▶

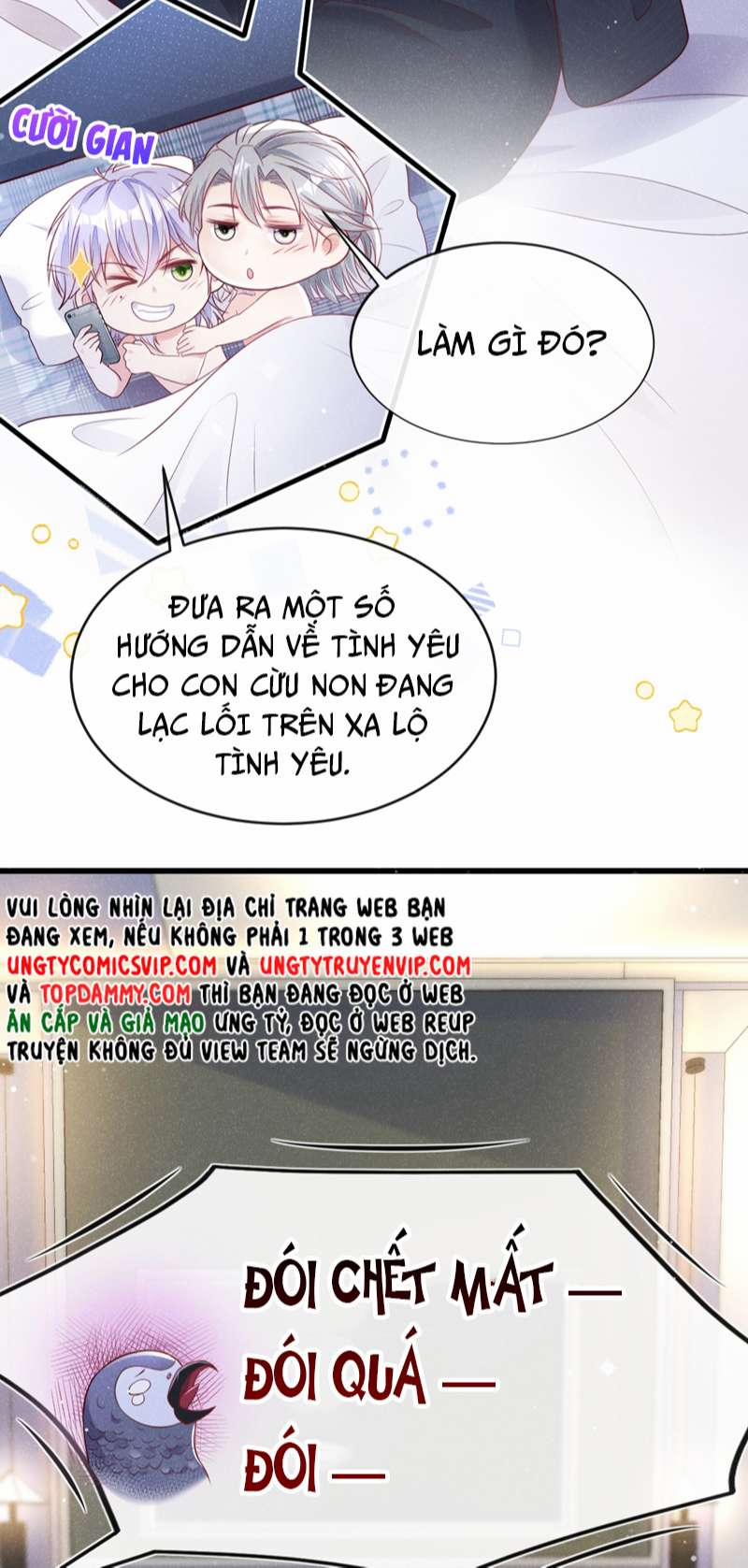 Tôi Với Hình Mẫu Lý Tưởng Lìa Trần Rồi! 100 trang 2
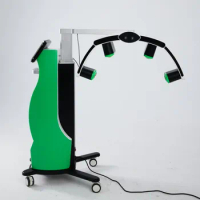 LuxMaster Emerald Cold Level Laser 532NM Green Light 10D Diode Machine for Body Shaping
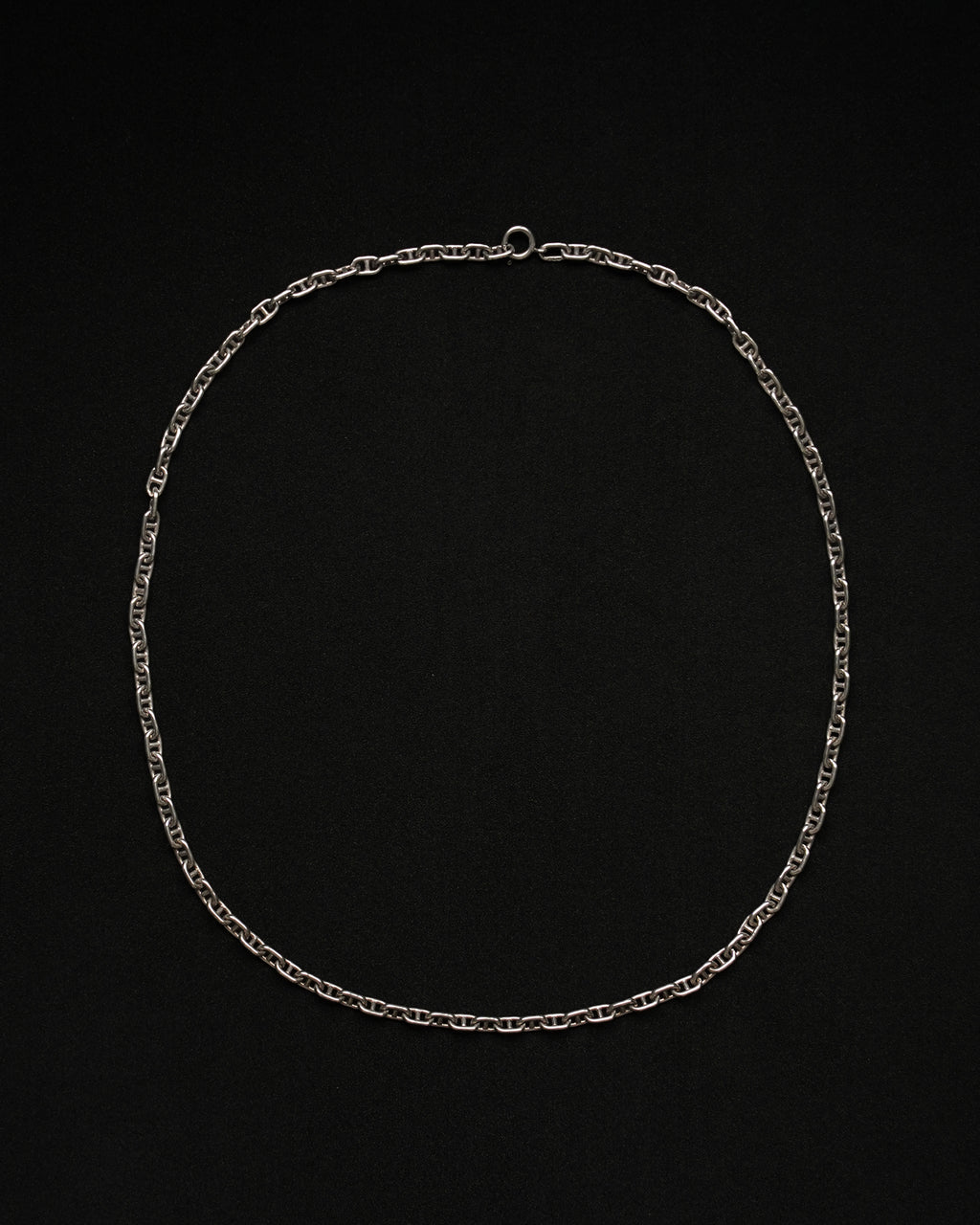 Silver 925 Scandinavian Link Necklace (SVNL-26027)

◀

# PROBLEM DESCRIPTION
Dropping every picture, restate the material word for word.

# RESULT FOR THIS TASK
 Tôi Với Hình Mẫu Lý Tưởng Lìa Trần Rồi! 100 trang 2
 LuxMaster Emerald Cold Level Laser 532NM Green Light 10D Diode Machine for Body Shaping
 Silver 925 Scandinavian Link Necklace (SVNL-26027)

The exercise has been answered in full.